The flow of the Vermilion River from Bayou Fuselier to the Vermilion Bay south of Abbeville

When it rains real hard, the water goes both ways

The headwaters of the Vermilion are about 25 feet lower than the land it moves through, starting on the east side of the Lafayette Regional Airport. The airport, Lafayette and most of the rest of the parish are on the terrace — high, flat ground.

Kinsland says the fact that the river cut a valley for itself through the Prairie Terrace puzzled him for years until access to better measurement and imaging tools revealed the river’s secret.

“The Vermilion flows through a valley that actually cuts through the prairie terrace,” Kinsland explains. “But the question was how did that happen.”

The answer, he says, is tied to the history of the Mississippi River and the hydrology of the alluvial plain that is the lowland area off the escarpment. That plain was once a valley that the Mississippi River careened through for centuries before settling into its current course.

“The Mississippi River changed courses a number of times within a 45-mile wide valley that existed between Lafayette and Baton Rouge,” Kinsland says. “That valley was as much as 325 feet deep. That’s the Atchafalaya Basin now. Bayou Teche was once a channel of the Mississippi, as were the Atchafalaya and Bayou LaFourche.”

The Vermilion flowed into that valley but from the south — the opposite direction in which it now normally flows.

“LIDAR imaging shows the area where the Vermilion entered the valley just behind the airport,” Kinsland says. “When sea levels fell, the northward flows stopped, but the channel that it had cut in the plain reversed its flow, taking it south into Bayou Tortue.”

LIDAR imaging shows where the Vermilion River flowed into a valley just behind where the Lafayette Regional Airport is today.

According to Kinsland, the Mississippi raised water levels in the valley again later, which allowed the Vermilion to return to the valley it had cut for itself earlier. Only this time the flow was southward, which it has maintained for the approximately 4,000 years since. All of that geographic and hydrologic drama took place along that section of the escarpment that runs from the Lafayette Airport south to Broussard on the eastern side of U.S. 90.

The Vermilion’s bi-directional flow history reappears periodically when intense rains in the parish send water rushing through coulees to the river.

The Vermilion flows north when the input from tributaries in and below the city overwhelm the river’s currents.

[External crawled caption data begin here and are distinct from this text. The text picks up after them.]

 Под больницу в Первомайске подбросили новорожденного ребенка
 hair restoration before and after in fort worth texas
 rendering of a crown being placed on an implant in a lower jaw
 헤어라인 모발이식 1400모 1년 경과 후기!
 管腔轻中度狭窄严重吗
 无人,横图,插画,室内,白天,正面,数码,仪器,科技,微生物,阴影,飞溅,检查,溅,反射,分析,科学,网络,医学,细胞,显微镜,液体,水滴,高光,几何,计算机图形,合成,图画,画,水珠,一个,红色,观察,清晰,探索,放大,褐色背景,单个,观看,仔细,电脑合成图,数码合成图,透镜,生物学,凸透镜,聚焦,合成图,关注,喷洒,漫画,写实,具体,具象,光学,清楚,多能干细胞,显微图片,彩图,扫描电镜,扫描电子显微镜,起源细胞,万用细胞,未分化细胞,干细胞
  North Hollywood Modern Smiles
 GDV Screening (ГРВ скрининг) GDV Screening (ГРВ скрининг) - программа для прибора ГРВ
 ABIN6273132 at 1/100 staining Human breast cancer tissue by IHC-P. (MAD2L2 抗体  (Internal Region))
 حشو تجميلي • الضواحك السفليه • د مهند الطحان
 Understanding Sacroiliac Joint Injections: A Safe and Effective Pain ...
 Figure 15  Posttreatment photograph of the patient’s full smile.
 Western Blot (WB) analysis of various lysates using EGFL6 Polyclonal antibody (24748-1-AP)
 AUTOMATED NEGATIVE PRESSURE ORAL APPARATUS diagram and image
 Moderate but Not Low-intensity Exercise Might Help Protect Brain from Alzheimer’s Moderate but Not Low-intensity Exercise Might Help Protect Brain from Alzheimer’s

“When it rains real hard on Lafayette, drainage in the Coulee Mine causes the river to flow both ways,” Kinsland explains. “The coulee comes into the river twice — near South College and at Rotary Point. The channel to Rotary Point is a man-made ditch to get the water out quicker. Stand on the deck there and watch the water come out. The water goes north from there, and whatever trash is there sits between the directions.”

On the southern stretch of the Vermilion above Milton, the south end of Isaac Verot Coulee empties into the river from the east, and Coulee Iles des Cannes does the same from the west. Coulee Iles des Cannes drains a large swath of western Lafayette Parish stretching from north of I-10 southward. Near Maurice, the coulee serves as the Lafayette-Vermilion parish boundary.

Kinsland says the combined infusion of water from those two tributaries pushes water northward all the way through Lafayette back into Cypress Island Swamp, which sits in the plain east of the Lafayette Airport. When that happens, Lafayette experiences flooding along the river.

He compares the impact of the tributaries on the Vermilion to putting a water hose in the middle of the gutter on a house with small slope. “If you stick the hose in the middle, the water will water flow both ways. Those tributaries put more water in than the river can handle in one direction, so it flows both ways.”

Kinsland sees a version of class warfare playing out in flood fights in Lafayette.

“The people living on the terrace want drainage,” Kinsland continues. “That means putting the water in the Vermilion. Look at the houses along the river and look at the people with political sway there. It’s a form of class warfare.”